|What are microRNAs?|
MicroRNAs (miRNAs) represent a class of small non-coding ribonucleic acids (RNAs) with peculiar functions in control of gene expression at post-transcriptional level (Zamore et al. 2005). The micro-RNAs mature form is a single stranded RNA, averaging 22 nucleotides long, whose maturation steps take place in part in the nucleus and in part in the cytoplasm. MicroRNAs are transcribed from their own genes scattered in all chromosomes in humans.
Figure 1. Biogenesis of the microRNAs
miRNAs in cancer
Calin et al published the first report describing a link between miRNAs and cancer in 2002. The authors described how a critical genomic region frequently deleted in chronic lymphocytic leukemia (CLL), 13q14, contains two miRNA genes, miR-15a and miR16-1. Further studies confirmed the link between the lack of these two miRNAs and the development of CLL.
Since then a multitude of studies have been reported describing how chromosomal regions containing miRNAs involved in the negative regulation of a transcript encoding for tumor suppressor genes can be amplified in cancer development. The overexpression of these specific miRNAs would cause the tumor suppressor genes to be silenced.

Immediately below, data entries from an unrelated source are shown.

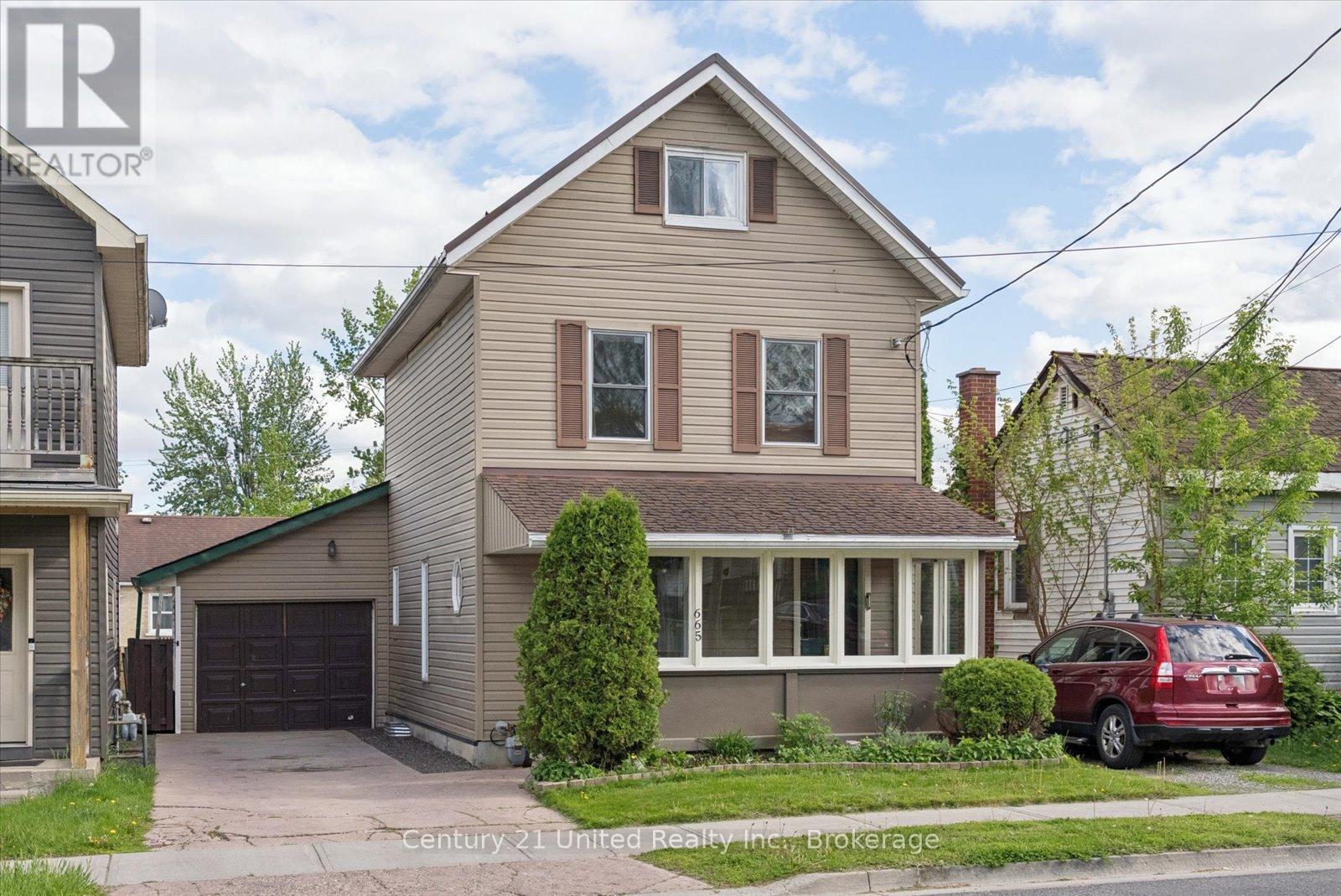 665 FRANK STREET, peterborough (otonabee ward 1), Ontario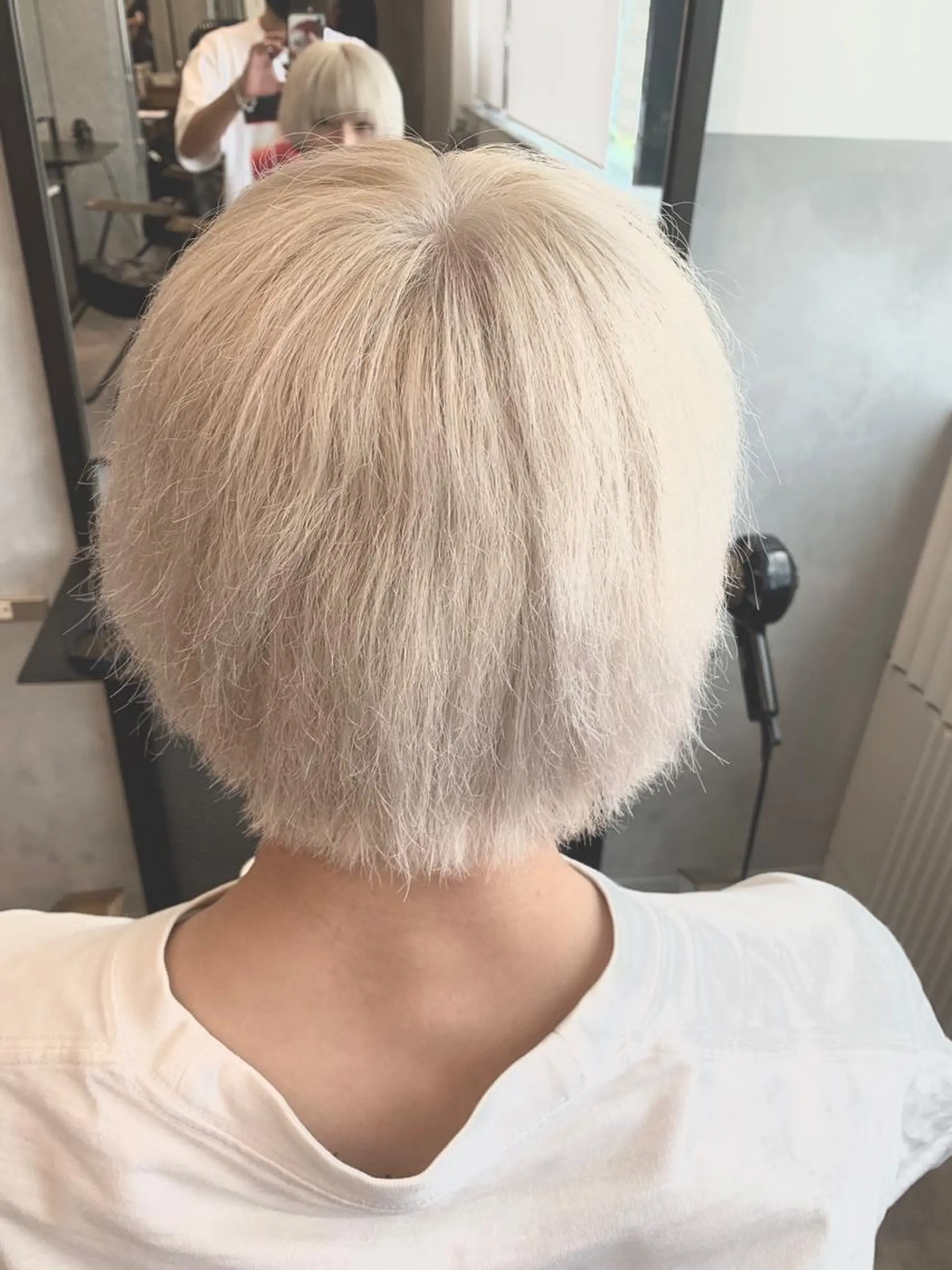 ショート カラー メンズ メンズブリーチ ブリーチ ヘアカラー トリートメント 🌻【ショート特化 美容師】いつき🌻のヘアスタイル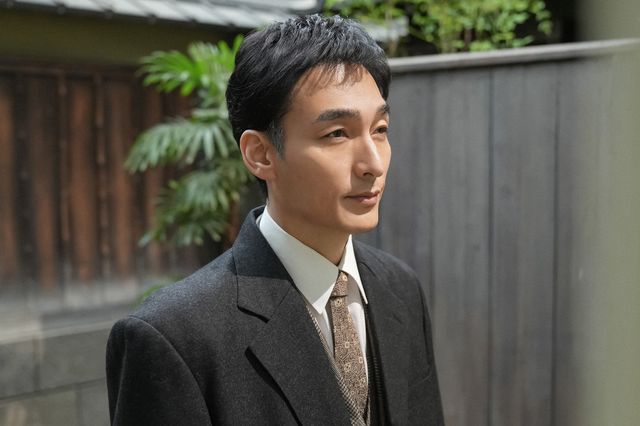 羽鳥が訪ねてきて…「ブギウギ」第125回の場面写真（2枚目）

Conversely, miRNAs repressing oncogenes are often located in fragile loci, where deletions or mutations can occur and result in reduced microRNA levels and overexpression of the target oncogene.
Genome-wide profiling shows that miRNA expression signatures (group of miRNA expressed in a specific biological context) allowed different types of cancer to be discriminated with high accuracy and the tissue of origin of poorly differentiated tumors to be identified.
Various studies have shown that miRNAs are released by the cells into the extracellular space to function as modulators of the surrounding and distant tissues. miRNAs are released within vesicles (such as exosomes) or complexed with proteins so they are stable in blood. In recent years circulating miRNAs have become attractive candidates to be used as cancer biomarkers.